Burning Daylight reflects the tension and chaos of multicultural life in Broome where inter-racial relationships were illegal, the town was brimming with exotic influences from the Far East and the traditional owners of the land were homeless.

Conceivers of Burning Daylight, Rachel Swain and Dalisa Pigram have developed an honest and engaging work that provides glimpses into the humorous and tragic life of cultures affected by government policy, segregation and the search for wealth in the form of pearls.

In an incongruous meeting of rock musical, rap and cheesy spaghetti western the combination of original live music, film and culturally-fused dance creates a mysterious place foreign to most of us. Clever stage production, direction, costuming and props draw the audience into a world that connects with all our senses. Anyone who has lived or travelled to Northern Australia will feel the warm air and smell the frangipani in this production that evokes such feeling from a Tasmanian audience that couldn't be further away culturally and geographically from the inspiration for this work.

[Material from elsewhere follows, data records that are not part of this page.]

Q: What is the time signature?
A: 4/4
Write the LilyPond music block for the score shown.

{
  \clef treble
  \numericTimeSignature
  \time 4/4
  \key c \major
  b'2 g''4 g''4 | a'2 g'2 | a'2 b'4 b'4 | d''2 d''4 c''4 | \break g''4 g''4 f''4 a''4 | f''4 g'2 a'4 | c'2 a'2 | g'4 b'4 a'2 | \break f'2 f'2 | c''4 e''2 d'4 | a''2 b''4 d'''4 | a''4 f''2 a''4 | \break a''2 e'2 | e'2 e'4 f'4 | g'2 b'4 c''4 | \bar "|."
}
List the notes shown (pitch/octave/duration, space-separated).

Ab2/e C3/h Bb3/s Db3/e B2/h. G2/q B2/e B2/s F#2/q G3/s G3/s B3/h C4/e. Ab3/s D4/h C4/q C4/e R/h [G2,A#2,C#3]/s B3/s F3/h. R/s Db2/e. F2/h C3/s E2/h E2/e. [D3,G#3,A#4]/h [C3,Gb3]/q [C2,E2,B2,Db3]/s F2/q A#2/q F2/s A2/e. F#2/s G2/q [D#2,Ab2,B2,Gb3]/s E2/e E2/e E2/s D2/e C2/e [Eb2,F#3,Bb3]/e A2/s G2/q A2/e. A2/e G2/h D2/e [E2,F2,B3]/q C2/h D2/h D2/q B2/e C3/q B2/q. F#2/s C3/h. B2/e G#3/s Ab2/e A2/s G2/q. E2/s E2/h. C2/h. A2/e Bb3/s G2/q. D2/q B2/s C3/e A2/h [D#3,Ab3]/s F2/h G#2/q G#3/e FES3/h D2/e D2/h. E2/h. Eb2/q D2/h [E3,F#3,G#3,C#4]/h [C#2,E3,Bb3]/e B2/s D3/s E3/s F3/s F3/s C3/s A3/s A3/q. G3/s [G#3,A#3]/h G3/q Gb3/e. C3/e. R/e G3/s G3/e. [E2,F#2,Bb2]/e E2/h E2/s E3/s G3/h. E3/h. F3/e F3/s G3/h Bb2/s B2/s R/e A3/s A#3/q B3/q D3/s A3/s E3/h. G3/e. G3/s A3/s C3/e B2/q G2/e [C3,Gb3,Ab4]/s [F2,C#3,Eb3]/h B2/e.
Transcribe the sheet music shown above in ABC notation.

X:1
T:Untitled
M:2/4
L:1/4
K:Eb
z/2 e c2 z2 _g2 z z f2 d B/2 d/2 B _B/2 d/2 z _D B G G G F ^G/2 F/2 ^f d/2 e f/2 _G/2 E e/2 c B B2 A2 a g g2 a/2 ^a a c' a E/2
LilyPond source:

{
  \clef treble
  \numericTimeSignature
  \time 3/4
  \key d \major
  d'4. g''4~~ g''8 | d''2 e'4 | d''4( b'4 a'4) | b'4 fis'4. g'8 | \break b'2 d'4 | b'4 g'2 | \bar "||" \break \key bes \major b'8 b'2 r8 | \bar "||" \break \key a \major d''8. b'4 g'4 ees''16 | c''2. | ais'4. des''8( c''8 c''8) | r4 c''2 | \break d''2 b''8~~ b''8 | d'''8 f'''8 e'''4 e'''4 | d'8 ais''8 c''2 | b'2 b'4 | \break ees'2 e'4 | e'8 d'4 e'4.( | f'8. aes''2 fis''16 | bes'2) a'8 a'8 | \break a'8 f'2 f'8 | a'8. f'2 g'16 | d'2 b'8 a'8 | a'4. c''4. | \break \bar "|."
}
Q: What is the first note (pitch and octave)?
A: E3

I loved this show for many reasons, but mostly because it was Australian culture presented with great honesty and humour. There were many highlights with outstanding performances by all the cast, especially the charismatic Trevor Jamieson and Dalisa Pigram.
But there must be mention of the original and live soundtrack. Music is a fantastic vehicle for story-telling and along with the dynamic dancing, combined to make Burning Daylight a very successful production. The integrity and depth of the music gave the production greater resonance in its depiction of a confused, chaotic and juxtaposed community struggling between the new and the old school.

We need more Australian stories and I look forward to experiencing future works from this company. Complex and flawed as they are, it is so refreshing to see our own stories in live performances. Hobart's Princess Wharf No. 1 succeeded as a venue for this production, allowing the set to extend and enhanced the arid environment of North West Australia.